Raw data

^^^^^^^^^^^^^^^^

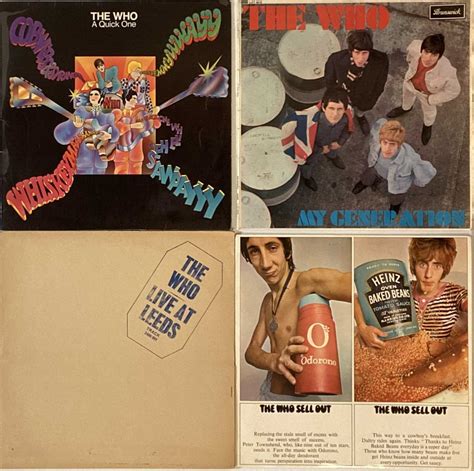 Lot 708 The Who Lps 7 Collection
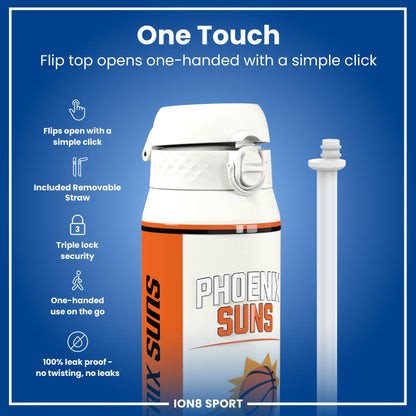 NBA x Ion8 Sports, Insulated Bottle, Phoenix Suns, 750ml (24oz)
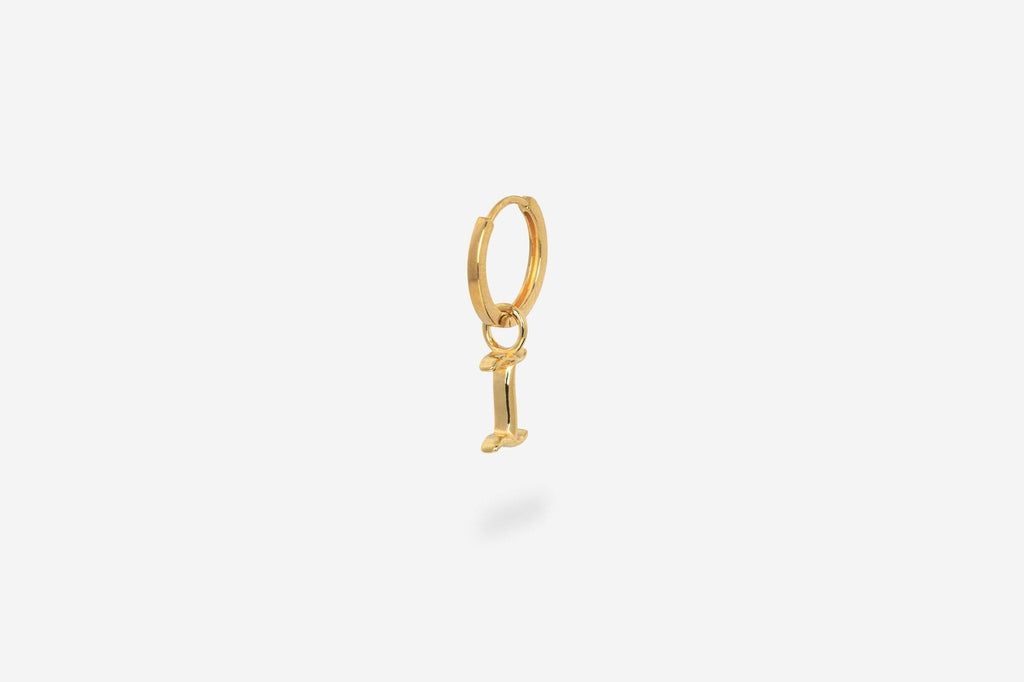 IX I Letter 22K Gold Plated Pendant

^^^^^^^^^^^^^^^^

What is needed
Reproduce, with the pictures omitted, exactly those lines that run from the line with "NBA x Ion8 Sports, Insulated" to the last line of the material, both ends included.

Response area
 NBA x Ion8 Sports, Insulated Bottle, Phoenix Suns, 750ml (24oz)
 IX I Letter 22K Gold Plated Pendant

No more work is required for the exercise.